Instructions to follow: Pictures do not belong in the copy; quote every entry below exactly.

Provided records START

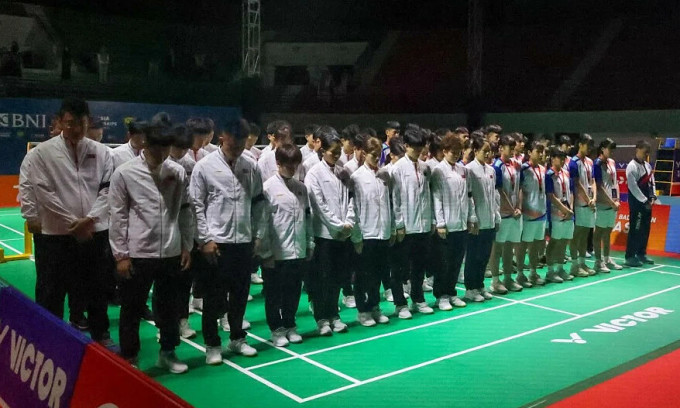 Giải cầu lông trẻ châu Á dành một phút mặc niệm Zhang Zhi Jie ngày 1/7/2024 ở Yogyakarta, Indonesia. Ảnh: AFP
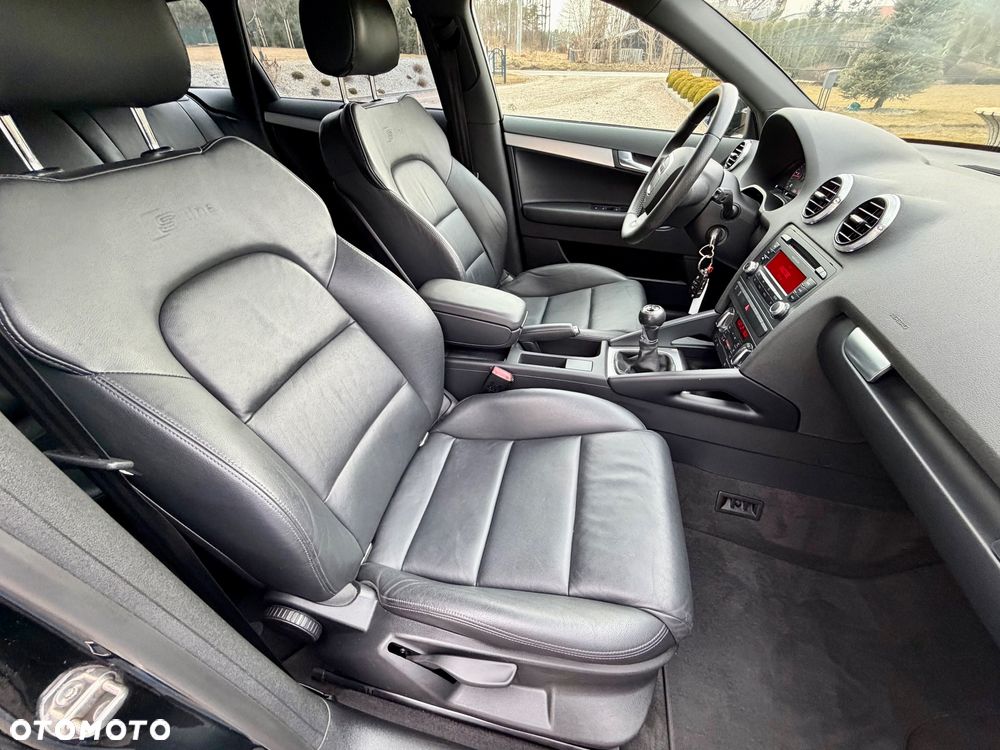 Audi A3 Sportback 2.0 TDI DPF quattro S line Sportpaket (plus) - 28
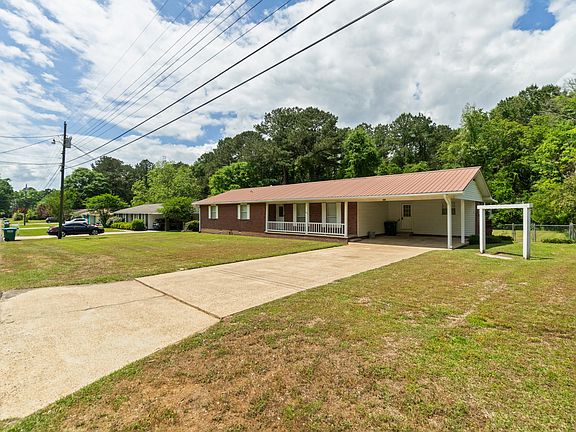 4th image of 324 Garden Ln
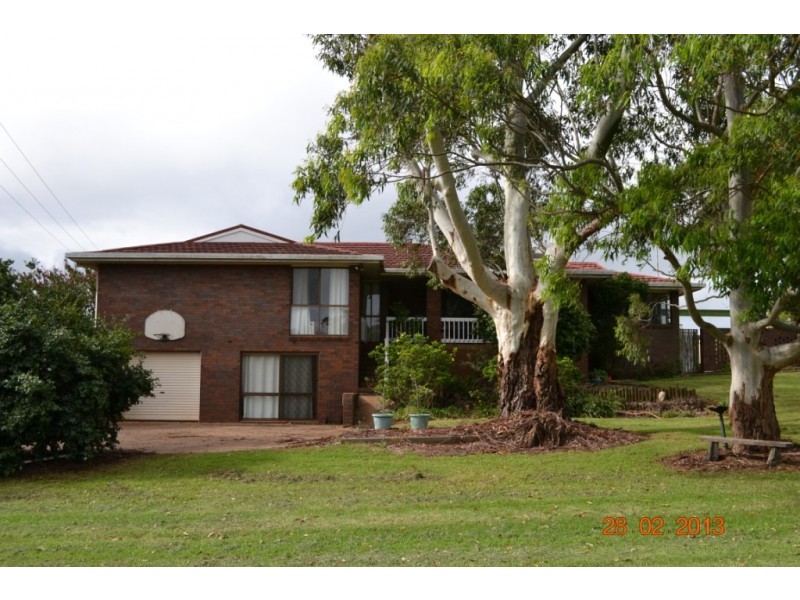 252 Meringandan Road, Highfields QLD 4352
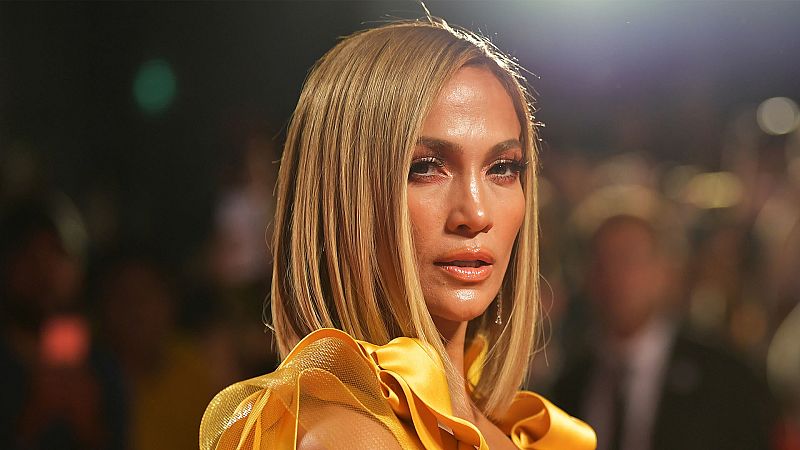 Jennifer López nos deja ver su vestido de novia, ¡y es maravilloso!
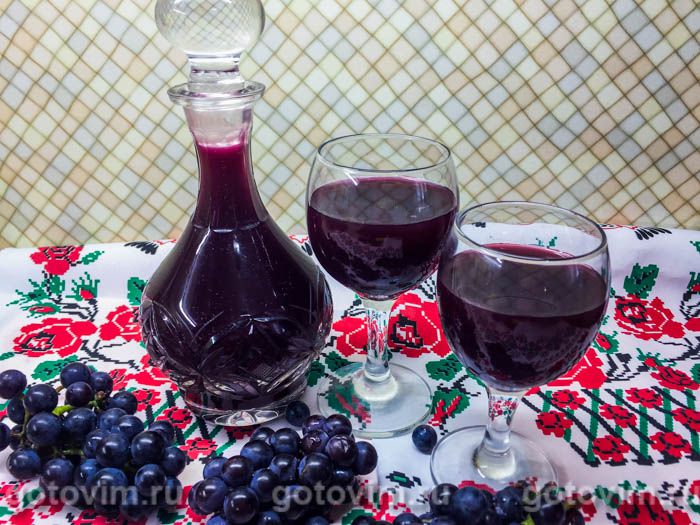 Домашнее вино из винограда. Фотография рецепта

Provided records END

Answer:
 Giải cầu lông trẻ châu Á dành một phút mặc niệm Zhang Zhi Jie ngày 1/7/2024 ở Yogyakarta, Indonesia. Ảnh: AFP
 Audi A3 Sportback 2.0 TDI DPF quattro S line Sportpaket (plus) - 28
 4th image of 324 Garden Ln
 252 Meringandan Road, Highfields QLD 4352
 Jennifer López nos deja ver su vestido de novia, ¡y es maravilloso!
 Домашнее вино из винограда. Фотография рецепта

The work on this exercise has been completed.